▶ _Task to carry out_:
Give the data below again exactly, and drop each picture from it.

▶ _Source material_:

*** Begin section ***

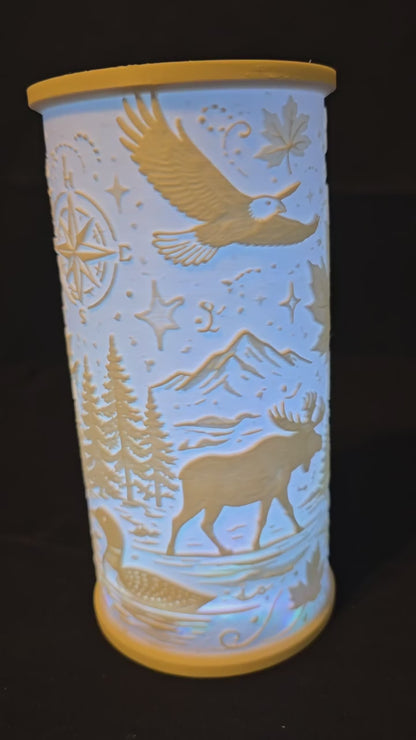 Rustic Woodland Up North LED Lantern Version 3 with LED Light Puck included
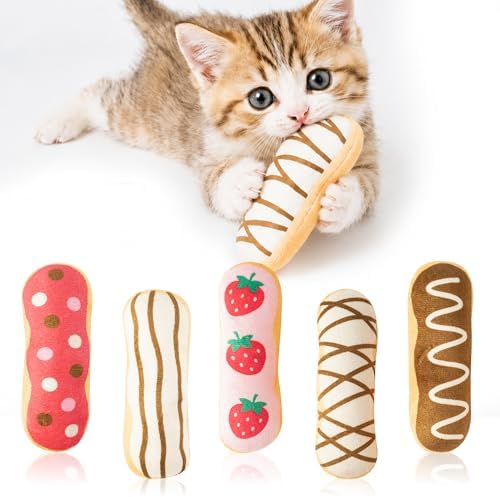 MALLMALL6 Eclair Catnip Toys for Cat - 5Pcs Chocolate Strawberry Dessert Catmint Interactive Toy Gift for Indoor Kitty, Biting Chew Kick Cats Supplies, Soft French Pastry Pet Present for Kitten Lover by MALLMALL6
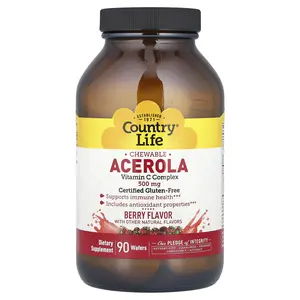 Country Life Chewable Acerola, Vitamin C Complex, Berry, 500 mg, 90 Wafers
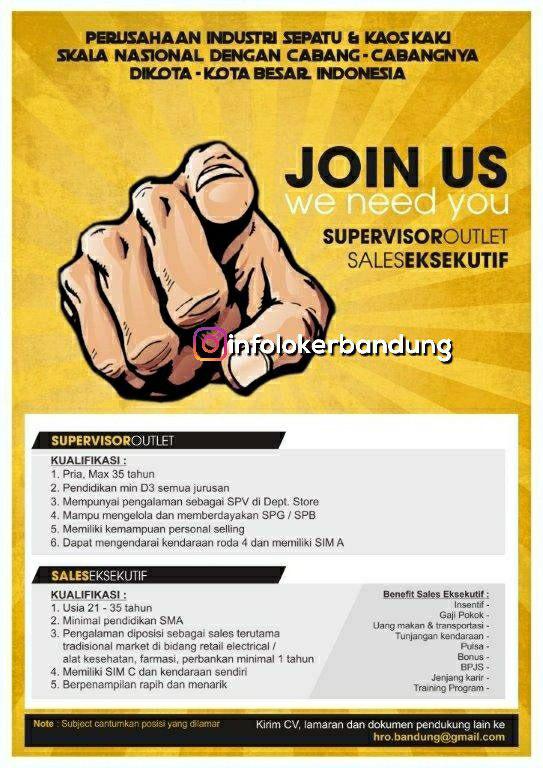 Lowongan Kerja Supervisor Outler & Sales Executive Bandung Agustus 2018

*** End section ***

▶ _Exercise response_:
 Rustic Woodland Up North LED Lantern Version 3 with LED Light Puck included
 MALLMALL6 Eclair Catnip Toys for Cat - 5Pcs Chocolate Strawberry Dessert Catmint Interactive Toy Gift for Indoor Kitty, Biting Chew Kick Cats Supplies, Soft French Pastry Pet Present for Kitten Lover by MALLMALL6
 Country Life Chewable Acerola, Vitamin C Complex, Berry, 500 mg, 90 Wafers
 Lowongan Kerja Supervisor Outler & Sales Executive Bandung Agustus 2018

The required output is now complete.